Welcome! I'm glad that you are here. It sounds like we'll be hearing from you on a regular basis! Wink

How did you react when you found out that he had other kids that he didn't even tell you about? I bet that news came as a huge shock.

My husband just turned 48 and I'm 30. So I know about the age difference thing. But my DH never hid me from his kids, or vise versa so I really can't advise you to much there, other than to just tell you it's ridiculous for him to do that.

I'm sure it is jealousy on your SS's part. What did his dad say to him when he told him that your daughter is a brat and that's why he's not to happy about going?

sam80601's picture

Thank you! Yeah it looks like it may begin to be a regular basis! :? I was totally shocked thought he was just kidding around at first then he pulled out there pictures and I was kind of still in disbelief more so because his oldest is 22 and I'm 24 :O I went through being mad and upset since he hid them from me but they all knew about me except the 10ss. He told 10ss that she is only 4 and everyone is raised differently, and she is the reason he's not looking forward to Sun. he said she cries too musch and his cousins that are around her age are brats but will listened after there disciplined where I haven't ever disciplined my daughter especially in the presence of other people.

Sia's picture

Welcome!

I think ss might likely just be jealous of the fact that BF is giving your daughter attention.....
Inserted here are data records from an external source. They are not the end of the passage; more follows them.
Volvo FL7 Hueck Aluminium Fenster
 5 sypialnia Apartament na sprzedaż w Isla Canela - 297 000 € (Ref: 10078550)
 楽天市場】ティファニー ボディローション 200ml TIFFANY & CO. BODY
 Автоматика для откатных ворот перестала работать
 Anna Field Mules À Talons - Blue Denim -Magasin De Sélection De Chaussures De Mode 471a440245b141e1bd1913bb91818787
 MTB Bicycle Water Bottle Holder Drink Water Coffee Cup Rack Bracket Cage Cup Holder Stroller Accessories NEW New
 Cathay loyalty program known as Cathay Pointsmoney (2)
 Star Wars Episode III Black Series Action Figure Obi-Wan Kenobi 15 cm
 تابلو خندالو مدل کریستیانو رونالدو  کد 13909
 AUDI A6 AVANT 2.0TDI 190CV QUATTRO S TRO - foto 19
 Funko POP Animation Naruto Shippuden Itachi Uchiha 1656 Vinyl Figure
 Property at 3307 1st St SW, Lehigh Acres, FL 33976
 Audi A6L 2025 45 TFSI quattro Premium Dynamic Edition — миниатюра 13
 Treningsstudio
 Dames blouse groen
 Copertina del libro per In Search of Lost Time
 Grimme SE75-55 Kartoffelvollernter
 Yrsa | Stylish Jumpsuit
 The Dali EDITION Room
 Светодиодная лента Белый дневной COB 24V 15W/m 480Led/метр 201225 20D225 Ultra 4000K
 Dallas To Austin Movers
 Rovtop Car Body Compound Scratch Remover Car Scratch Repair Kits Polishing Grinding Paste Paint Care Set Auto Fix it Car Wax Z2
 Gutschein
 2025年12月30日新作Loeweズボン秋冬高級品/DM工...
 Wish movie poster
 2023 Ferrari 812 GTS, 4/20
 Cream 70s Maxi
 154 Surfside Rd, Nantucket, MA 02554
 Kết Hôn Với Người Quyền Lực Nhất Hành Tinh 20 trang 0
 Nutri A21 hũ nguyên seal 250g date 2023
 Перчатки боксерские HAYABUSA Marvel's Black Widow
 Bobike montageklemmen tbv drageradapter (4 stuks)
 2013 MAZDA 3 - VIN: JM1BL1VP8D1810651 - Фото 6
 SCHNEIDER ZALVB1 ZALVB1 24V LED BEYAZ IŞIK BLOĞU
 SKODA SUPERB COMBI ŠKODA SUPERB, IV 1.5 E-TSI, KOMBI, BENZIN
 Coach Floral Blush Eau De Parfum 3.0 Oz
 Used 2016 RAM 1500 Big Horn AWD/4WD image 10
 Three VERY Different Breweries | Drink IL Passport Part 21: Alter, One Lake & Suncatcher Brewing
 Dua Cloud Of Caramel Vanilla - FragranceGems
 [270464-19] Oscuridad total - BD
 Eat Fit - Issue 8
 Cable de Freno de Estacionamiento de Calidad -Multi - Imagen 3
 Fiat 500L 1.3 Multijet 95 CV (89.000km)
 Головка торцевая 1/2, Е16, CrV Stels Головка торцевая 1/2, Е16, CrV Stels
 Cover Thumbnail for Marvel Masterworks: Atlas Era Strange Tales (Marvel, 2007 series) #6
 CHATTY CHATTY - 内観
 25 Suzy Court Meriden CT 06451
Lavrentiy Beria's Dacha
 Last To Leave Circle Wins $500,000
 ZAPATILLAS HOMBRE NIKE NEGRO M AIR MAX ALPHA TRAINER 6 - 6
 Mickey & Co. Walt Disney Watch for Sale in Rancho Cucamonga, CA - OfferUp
Have YOU spoken to SS about why he feels this way? Maybe they had some sort of arguement??? Silly, but it happens.

sam80601's picture

I definetly think you are absolutely right about him giving my daughter attention. No I havent spoke to ss about this because I have not seen him since I was told about it and my bf never talks to him on the phone when I am around, he doesn't want his son to know how much time he actually spends with my daughter and I so he always calls when were not around so my daughter won't be in the background.

Kb3Hooah's picture

I had a situation similiar to this with DH's daughter and my daughter. His daughter thinks my daughter is a brat sometimes. DH doesn't like to correct his daughter about this, he just kinda turns a blind eye. But, it's going to be VERY important for your DH to correct his son about this. Otherwise, your daughter will always feel like she's getting picked on, and that it is being allowed. Also, the SS will think this is acceptable behavior and it will continue if not get worse. Our daughters go thru periods where they get along fine and play, and times where they argue constantly, but unless the behavior is called out on and corrected, it will create animosity between the two.

___________________________________________________________________________
“Sometimes it's the smallest decisions that can change your life forever.”

sam80601's picture

I do understand where your coming from I allowed them to play alone together outside during the football game last week and theres probably things that went on I didn't know about. I guess I'll have to watch them closer if there going to both play together or send them to do seperate activities. And my daughter is definetly a tattle tail when it comes to sharing toys and what not so he probably didnt like that very much.

Kb3Hooah's picture

Also, why did you pay $200 for the circus? That's alot of money for a circus, and anything that is a significant amount of money that you all will be doing together should be shared in cost, IMO.

___________________________________________________________________________
“Sometimes it's the smallest decisions that can change your life forever.”

sam80601's picture

Well we trade off on paying for things usually he offered to give me money but I told bf he could just pay for parking, lunch and the things while we are there.

BMJen's picture

Kids can say some hurtful things from time to time. I'm sure it was jealousy on his part.

My son is very jealous of my SD, don't ask me why cause I don't know. And he says some off the wall hateful shit at times. I used to think she picked on him but now days my rose colored glasses are off! I'm not saying thats happening in your situation, but 4 yr old vs 10 yr old is such a huge difference in kids. Ya know what I mean?

Hang in there girl, and enjoy the circus!